Localizing the gender agendas


The Arab Renaissance for Democracy and Development (ARDD) has launched a position paper, titled “Localizing the Gender Agendas”, calling on the local organizations to strive to reach decision-making positions at all levels and to set their priorities in their agendas in line with the concerns and needs of the communities they represent and help, and not be content with back seats and the role of the implementers only.

The position paper’s launch comes in line with this year’s theme for International Women’s Day, “Women in leadership: Achieving an equal future in a COVID-19 world”.

ARDD’s position paper sheds light on the work concerned with gender programming and advancing women’s rights in the country context. It explores the understanding of and approaches to gender programming and methods used to promote women’s rights. It documents experiences of women-led organizations working on women’s rights in selected countries in Africa, Asia and the MENA region, and the lessons learned from the undertaking of making issues appropriate to a country and its culture. The paper studies the examples of countries from regions with similar cultural contexts and that face similar issues. It also reviews donor policies and the approaches of aid organizations that support the women’s rights movement and implement feminist agendas. Most of the research on women-led organizations that have been published recently has been commissioned by international actors. ARDD’s paper is an attempt to add a voice from a local actor’s perspective.

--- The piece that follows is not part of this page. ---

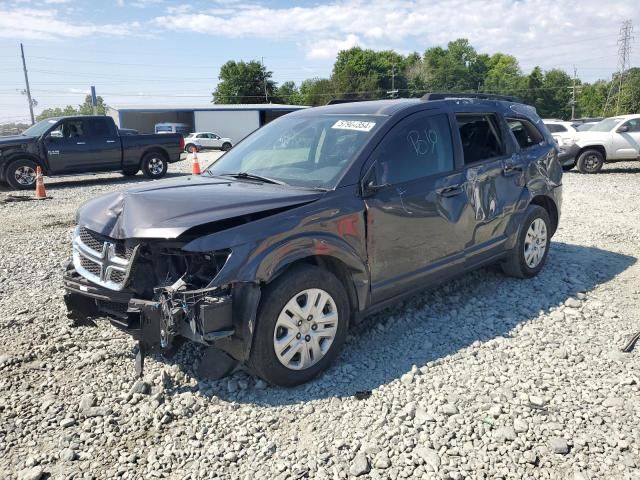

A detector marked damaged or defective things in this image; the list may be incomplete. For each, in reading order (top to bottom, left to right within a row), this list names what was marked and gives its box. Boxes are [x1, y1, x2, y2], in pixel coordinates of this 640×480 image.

The paper criticizes the impact of unbalanced power relations between international agencies with relatively high levels of resources and authority on the world stage, and local organizations, which often leads to a feeling of having entered an “unequal partnership”, and the mission drift of the local organization during crisis and, over time, to the local organizations losing their identity, as well as of the current funding system, which is unreliable at a time funding is most needed, subject to growing transaction costs and suffering due to the power dynamics between patrons and their clients.

One big challenge faced by the local NGOs is access to sustainable funding, especially in view of the high level of competition among these local organizations. Another challenge is the fact that INGOs provide project-based funding, while they should invest in capacity building as well.  

The report called on donors and governments to place the needs and priorities of local actors as a central objective, and for funders to act as active agents that collaborate to support local priorities, not make decisions on their behalf.

It also called on donors and international organizations to show greater awareness of the way they practice, of their privileges and of some prejudices they might have, to show confidence in the ability of local actors to understand the needs of their communities and to adopt programs that work to meet these needs and achieve the desired results. It stressed that finding the right pace and strategies in the implementation of local agendas is a delicate balancing act that national and local actors are better equipped to execute. Gender equality agenda can be supported from outside but needs to be driven and led from within, asserts the paper.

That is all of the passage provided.